There have been discussions on whether `s' is fixed in CCID 2/3 or whether,
in spite of RFC 4341/2, `s' is variable. To resolve the discussion into
material which is practically implementable and yet does not defy existing
standards-track documents, a simple algorithmic strategy is suggested below.
An aside to the discussion was the PACKET_SIZE socket option, but in actual
fact this option is of no use other than causing unnecessary confusion: for
CCID 2 it is entirely irrelevant, and for CCID 3 (and its variations) it is
redundant and not useful due to argumentation below.
Strategy
----------
1/ Remove the PACKET_SIZE socket options as they don't help with the problem;
I have therefore updated Ian's patch to be used standalone [attached].
2/ In the initialisation code, set ccid3hctx_s = ccid3hcrx_s = 0 instead of the
TFRC_STD_PACKET_SIZE (which would give wrong estimates)
3/ Update ccid3hc{rx,tx}_s using the `payload len' value taken each time from
* dccp_sendmsg (after the check against dccp_mss_cache)
* dccp_v{4,6}_rcv (only on Data/DataAck packets)
using a moving average with a large q = 8/10 ... 9/10:
s <-- q * s + (1-q) * len
4/ Don't use MTU minus header length for `s' (justified below).
Thus, if the application is well-behaved and sends only `fixed' size packets,
step
(3) reduces to a no-op.

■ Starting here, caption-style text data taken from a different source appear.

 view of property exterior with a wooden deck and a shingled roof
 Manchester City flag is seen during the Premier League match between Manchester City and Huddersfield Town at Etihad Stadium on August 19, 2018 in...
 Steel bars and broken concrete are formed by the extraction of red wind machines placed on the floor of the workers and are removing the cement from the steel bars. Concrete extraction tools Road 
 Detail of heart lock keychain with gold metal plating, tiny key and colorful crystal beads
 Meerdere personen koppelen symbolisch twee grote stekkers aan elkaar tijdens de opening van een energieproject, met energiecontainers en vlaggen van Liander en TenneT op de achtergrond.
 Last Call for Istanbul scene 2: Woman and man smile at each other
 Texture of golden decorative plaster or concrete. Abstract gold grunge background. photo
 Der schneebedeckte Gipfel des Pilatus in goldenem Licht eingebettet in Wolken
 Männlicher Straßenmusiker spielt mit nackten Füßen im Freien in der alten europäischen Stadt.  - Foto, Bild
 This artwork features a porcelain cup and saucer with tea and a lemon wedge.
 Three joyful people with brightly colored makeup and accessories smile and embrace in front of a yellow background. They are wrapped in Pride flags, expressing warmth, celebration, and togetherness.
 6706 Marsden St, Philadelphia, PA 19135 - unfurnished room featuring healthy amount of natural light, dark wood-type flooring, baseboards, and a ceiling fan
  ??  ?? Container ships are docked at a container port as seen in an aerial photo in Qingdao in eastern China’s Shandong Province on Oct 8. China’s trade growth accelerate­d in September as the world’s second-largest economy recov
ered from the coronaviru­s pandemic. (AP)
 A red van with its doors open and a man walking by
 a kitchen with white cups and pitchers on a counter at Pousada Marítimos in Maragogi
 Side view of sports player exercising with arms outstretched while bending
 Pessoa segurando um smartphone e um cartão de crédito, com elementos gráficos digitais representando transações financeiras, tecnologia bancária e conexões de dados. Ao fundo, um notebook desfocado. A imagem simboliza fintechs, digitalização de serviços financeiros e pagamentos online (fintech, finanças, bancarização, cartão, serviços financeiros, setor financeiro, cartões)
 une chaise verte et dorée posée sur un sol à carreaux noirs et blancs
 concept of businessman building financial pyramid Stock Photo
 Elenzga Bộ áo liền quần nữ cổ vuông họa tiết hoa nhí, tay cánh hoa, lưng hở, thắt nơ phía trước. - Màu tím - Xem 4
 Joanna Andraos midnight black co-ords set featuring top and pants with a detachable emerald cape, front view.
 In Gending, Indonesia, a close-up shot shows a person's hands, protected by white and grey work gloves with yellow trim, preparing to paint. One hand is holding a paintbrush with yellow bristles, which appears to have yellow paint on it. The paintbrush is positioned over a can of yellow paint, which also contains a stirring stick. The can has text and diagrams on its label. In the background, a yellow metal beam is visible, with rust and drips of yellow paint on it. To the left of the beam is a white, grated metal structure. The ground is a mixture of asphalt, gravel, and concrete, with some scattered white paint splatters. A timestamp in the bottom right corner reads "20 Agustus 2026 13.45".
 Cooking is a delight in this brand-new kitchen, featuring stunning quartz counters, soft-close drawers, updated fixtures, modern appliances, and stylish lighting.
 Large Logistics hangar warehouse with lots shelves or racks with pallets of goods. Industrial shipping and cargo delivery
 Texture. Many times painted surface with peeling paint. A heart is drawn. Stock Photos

Otherwise, it slowly converges to a long-term value. The
exact/optimal weight of q can be found through experimentation, but 9/10 seems
conservative enough. The algorithm above is in accordance with recent
modifications
suggested in [HFPW06]. It could be extended to guard against excessive changes
in
packet length for CCID 2 as suggested in [RFC 4341, sec. 5.3].
R A T I O N A L E
The problem in assuming that `s' may vary and in allowing it to be set to
some other (but fixed) value, such as the path MTU minus header/option
lengths, lies in required changes to the loss rate estimation algorithm.
References which explicitly warn against this are given below; in both
[Wid00, p. 21] and [FHP+00, 3.1.2] it is pointed out that this part has taken
much discussion and testing; for good reasons, since any changes endanger
both efficiency and fairness wrt competing TCP flows.
Theorems and numerical examples that attest that inaccuracies lead to either
non-TCP-friendly or suboptimal application behaviour can be found in [RR99];
trends to be confirmed later by a much more comprehensive analysis in [VLB05].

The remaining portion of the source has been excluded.